Item 3.02. | Unregistered Sales of Equity Securities. |
The information related to the sale and issuance of Additional Private Placement Units (as defined below) included in Item 8.01 of this Current Report on Form 8-K (this “Current Report”) is incorporated into this Item 3.02 by reference. No underwriting discounts or commissions were paid with respect to the private placement of the Additional Private Placement Units. The sale and issuance of the Additional Private Placement Units was made pursuant to the exemption from registration contained in Section 4(a)(2) of the Securities Act of 1933, as amended.
Over-Allotment Option
As previously reported, Oaktree Acquisition Corp. III Life Sciences (the “Company”) consummated an initial public offering on October 25, 2024 (the “IPO”) of 17,500,000 units (the “Public Units”) at $10.00 per Public Unit, each Public Unit being comprised of one Class A ordinary shares, $0.0001 par value per share (the “Public Shares”) and one-fifth of one redeemable warrant, each whole warrant being exercisable for one Class A ordinary share at an exercise price of $11.50 (subject to adjustment, as described in the final prospectus relating to the IPO).
In connection with the IPO, the underwriters were given a 45-day option from the date of the final prospectus relating to the IPO to purchase up to 2,625,000 additional Public Units to cover over-allotments, if any (the “Over-Allotment Option”). On October 30, 2024, the underwriters purchased on additional 1,699,029 Public Units (such Public Units purchased pursuant to the partial exercise of the Over-Allotment Option, the “Option Units”) at $10.00 per Option Unit. The sale of the Option Unit generated additional gross proceeds to the Company of $16,990,290.
Concurrently with the partial exercise of the Over-Allotment Option, the underwriters of the IPO forfeited their right to purchase the remaining 925,971 Public Units that they were permitted to purchase pursuant to the Over-Allotment Option. As a result of the underwriters’ election to partially exercise their Over-Allotment Option 231,492 Class B ordinary shares, $0.0001 par value per share, of the Company were forfeited by Oaktree Acquisition Holdings III LS, LLC (the “Sponsor”) at no cost to the Company.
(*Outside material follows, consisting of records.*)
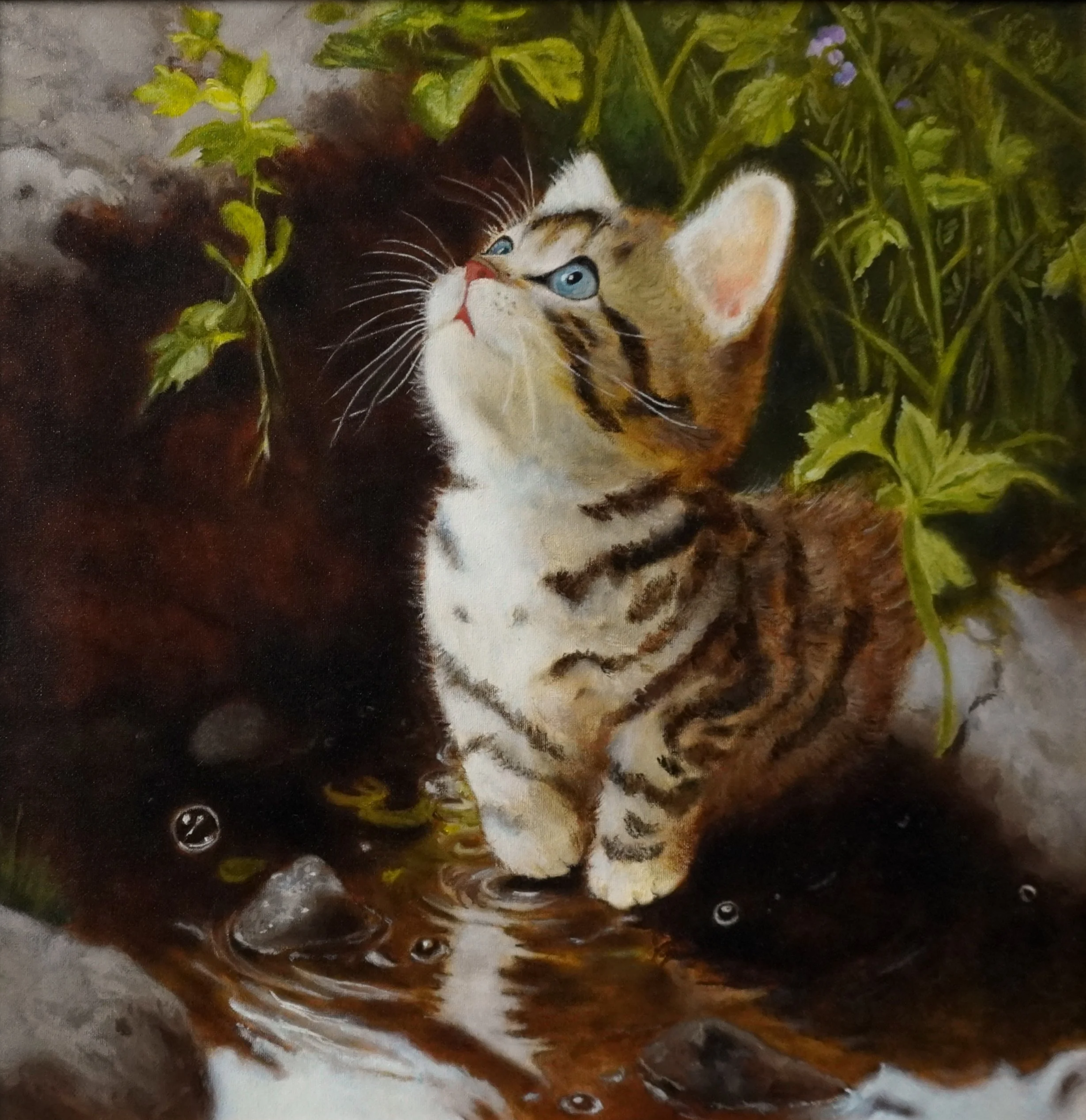 Curious, 2026, Oil on Linen — 15x15 in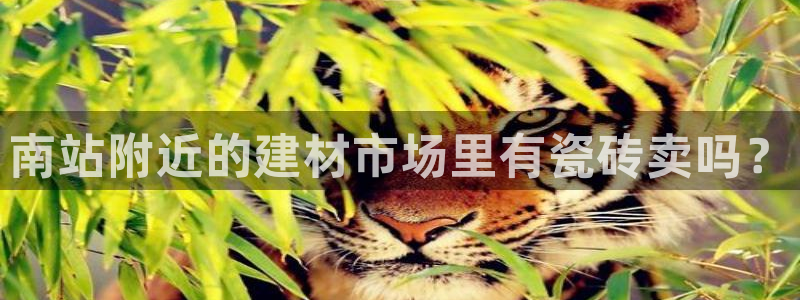 杏鑫娱乐是合法的吗是真的吗
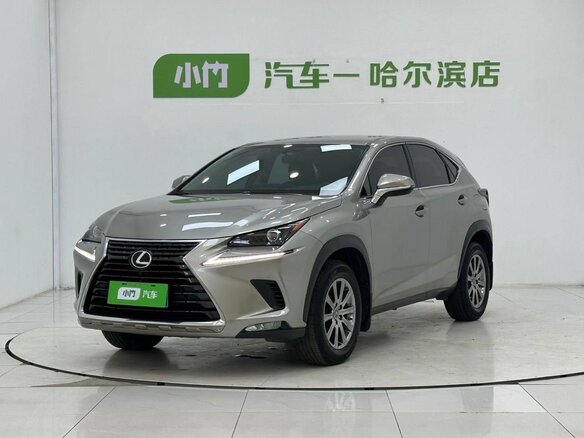 2020 Lexus NX 200 I Рестайлинг, серый, 3090000 рублей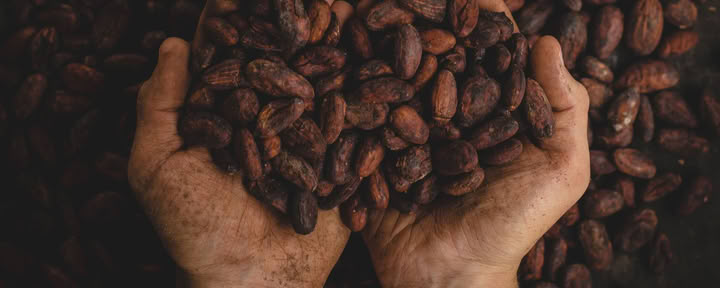 Ceremonia privada de cacao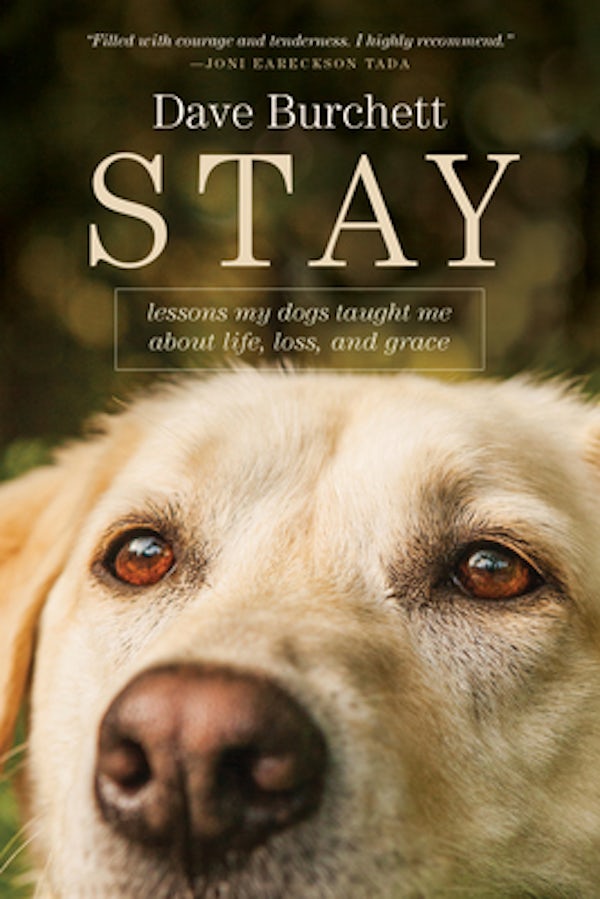 Cover image for Stay, isbn: 9781496443014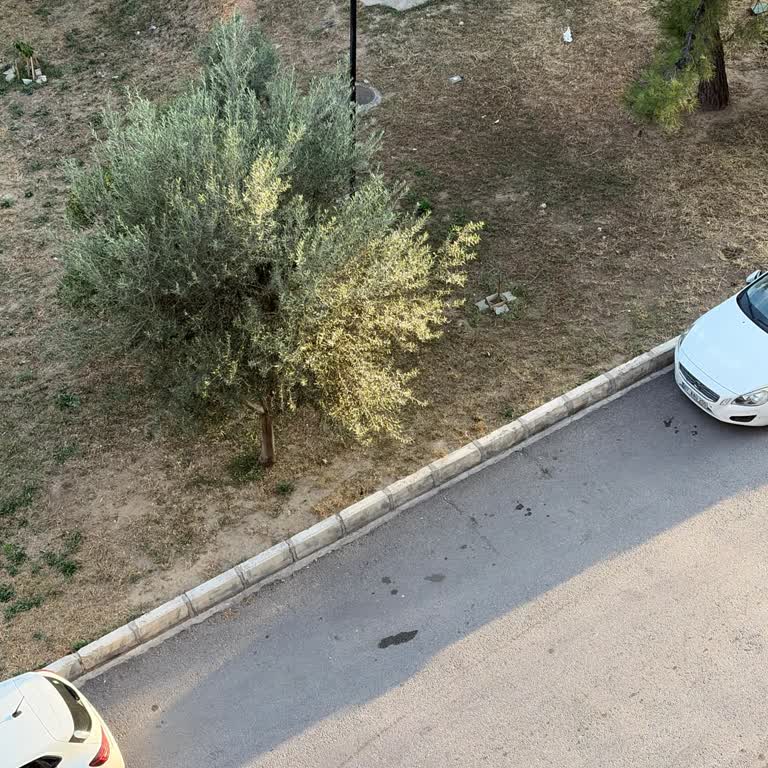 Araç Teslim Edilmediği Ve Bilgi Eksikliği Nedeniyle Mağduriyet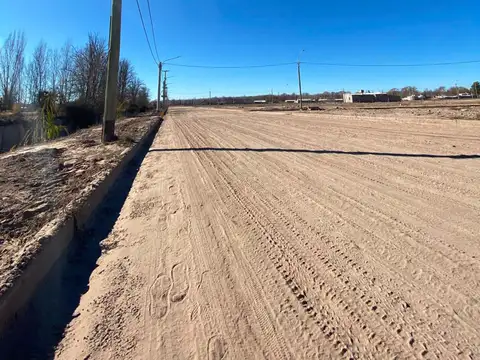 LOTE RUCALHUE - EUGENIO BUSTOS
Additional Private Placement Units
As previously reported, the Company also consummated on October 25, 2024 a private placement (the “Private Placement”) of the Company’s units (the “Private Placement Units”) in connection with the IPO pursuant to which the Sponsor purchased 550,000 Private Placement Units at $10.00 per Private Placement Units, each Private Placement Unit being comprised of one Class A ordinary share, $0.0001 par value per share and one-fifth of one non-redeemable warrant, each whole warrant being exercisable for one Class A ordinary share at an exercise price of $11.50 (subject to adjustment, as described in the final prospectus relating to the IPO).
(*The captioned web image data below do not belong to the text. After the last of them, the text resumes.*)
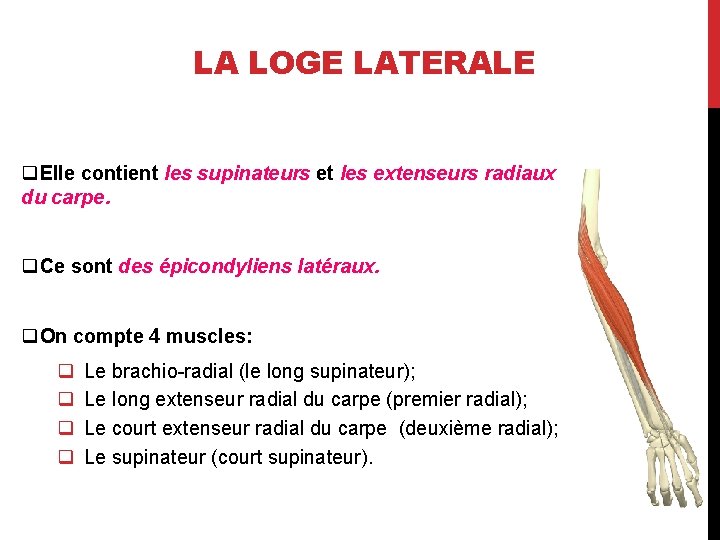 LA LOGE LATERALE q. Elle contient les supinateurs et les extenseurs radiaux du carpe.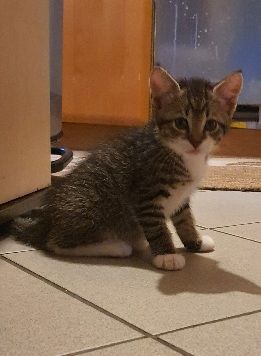 Katzenbaby kitten katze kater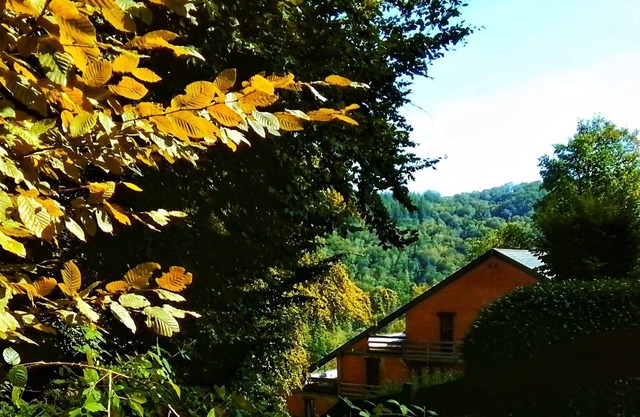 Le Charme Ardennais au Cœur des Montagnes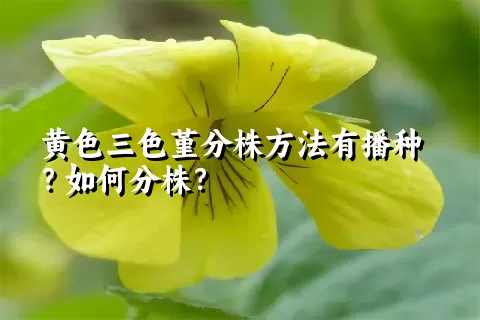 黄色三色堇分株方法有播种？如何分株？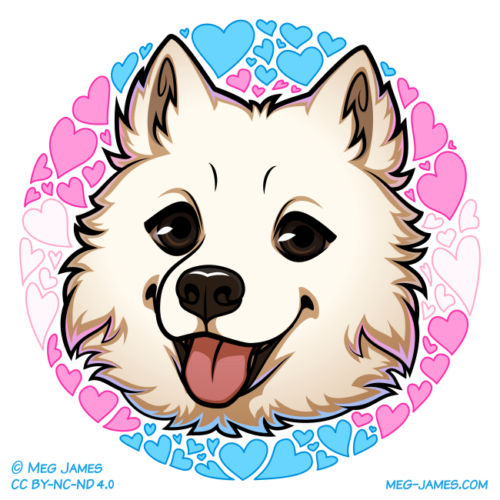 Icon of Panda, a Samoyed dog, framed in a decorative circle colored like the transgender flag.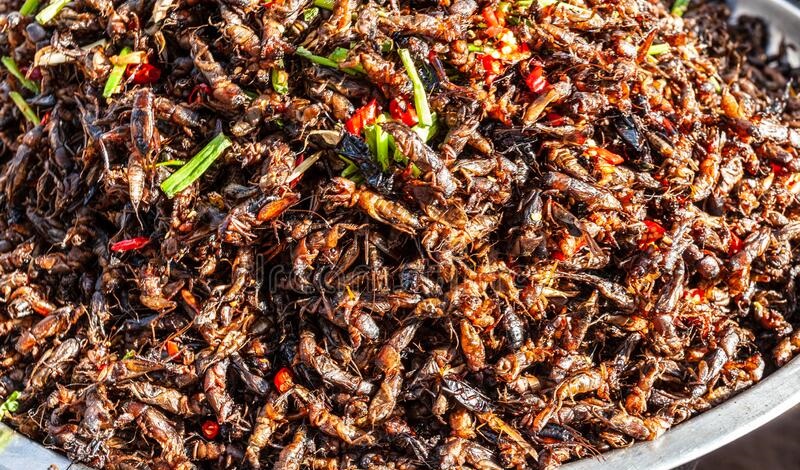 Snake hearts, fried termites, fried grasshoppers, fried spiders, and expired eggs, are among the most strange foods/dishes that people consume around the World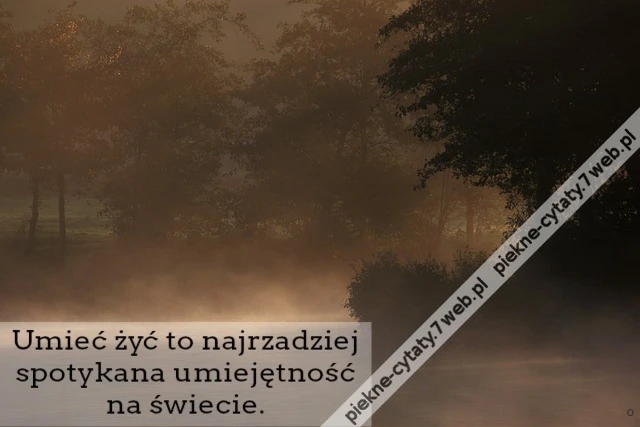 Umieć żyć to najrzadziej spotykana umiejętność na świecie.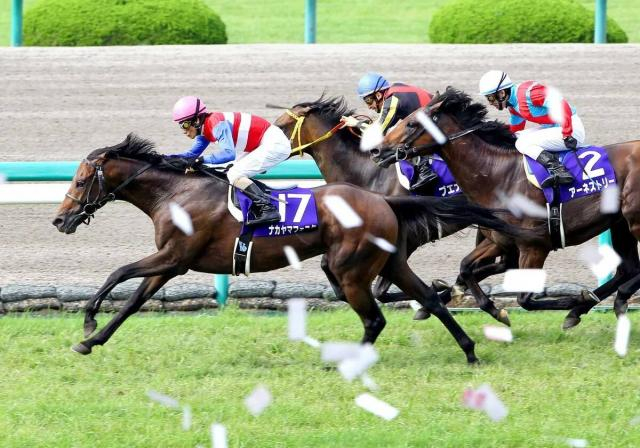 ナカヤマフェスタ死す...衰弱による起立不全で　10年凱旋門賞で2着　うらかわ優駿ビレッジAERUが発表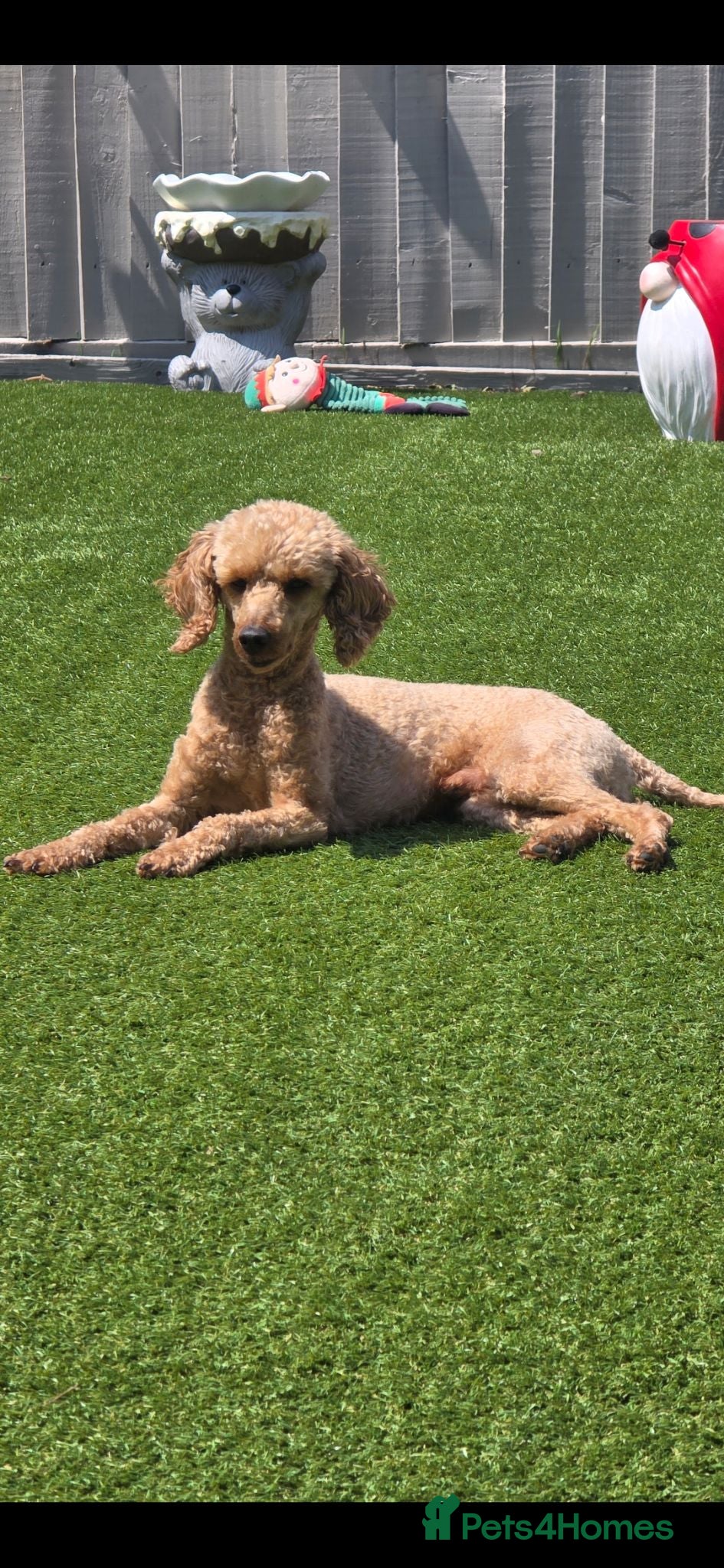 Toy Poodle dogs Toy Poodle short notice DNA tested clear PRA £150 - Advert 2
In connection with the partial exercise of the Over-Allotment Option, the Sponsor purchased on October 30, 2024 an additional 33,981 Private Placement Units (the “Additional Private Placement Units”) at $10.00 per Additional Private Placement Unit. The sale of the Additional Private Placement Units in connection with the partial exercise of the Over-Allotment Option generated additional gross proceeds of $339,810.
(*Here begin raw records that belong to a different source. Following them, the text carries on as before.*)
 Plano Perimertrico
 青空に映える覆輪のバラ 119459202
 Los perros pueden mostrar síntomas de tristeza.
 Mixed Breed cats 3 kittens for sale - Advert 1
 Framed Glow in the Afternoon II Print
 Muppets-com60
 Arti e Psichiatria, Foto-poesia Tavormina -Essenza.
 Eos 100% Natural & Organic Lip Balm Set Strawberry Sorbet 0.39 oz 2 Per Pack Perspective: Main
Unaudited Pro Forma Balance Sheet
The net proceeds from the IPO, together with certain of the proceeds from the Private Placement that closed in connection with the IPO, $175,000,000 in the aggregate (the “Base Offering Proceeds”), were placed in a trust account established for the benefit of the Company’s public shareholders and the underwriters of the IPO with Continental Stock Transfer & Trust Company acting as trustee. An audited balance sheet as of October 25, 2024, reflecting receipt of the Base Offering Proceeds, was previously filed on a Current Report on Form 8-K filed with the U.S. Securities and Exchange Commission on October 31, 2024. As Exhibit 99.1 to this Current Report, the Company is furnishing an unaudited pro forma balance sheet, reflecting the receipt of the proceeds from the sale of the Option Units and the Additional Private Placement Units on October 30, 2024.
The unaudited pro forma balance sheet is presented for illustrative purposes only and was prepared by management. The unaudited pro forma balance sheet is not necessarily indicative of the financial position that was achieved or will be achieved by the Company and the financial position may differ from what is presented in the pro forma balance sheet. You should not rely on the unaudited pro forma balance sheet included in this Current Report as being indicative of the historical financial position that was achieved or the future financial position that the Company will achieve. The Company’s independent registered public accounting firm has not audited, reviewed, compiled or performed any procedures with respect to any of the data included in the unaudited pro forma balance sheet included in this Current Report and the Company’s independent registered public accounting firm does not express an opinion or any form of assurance with respect to the pro forma financial information included in this Current Report.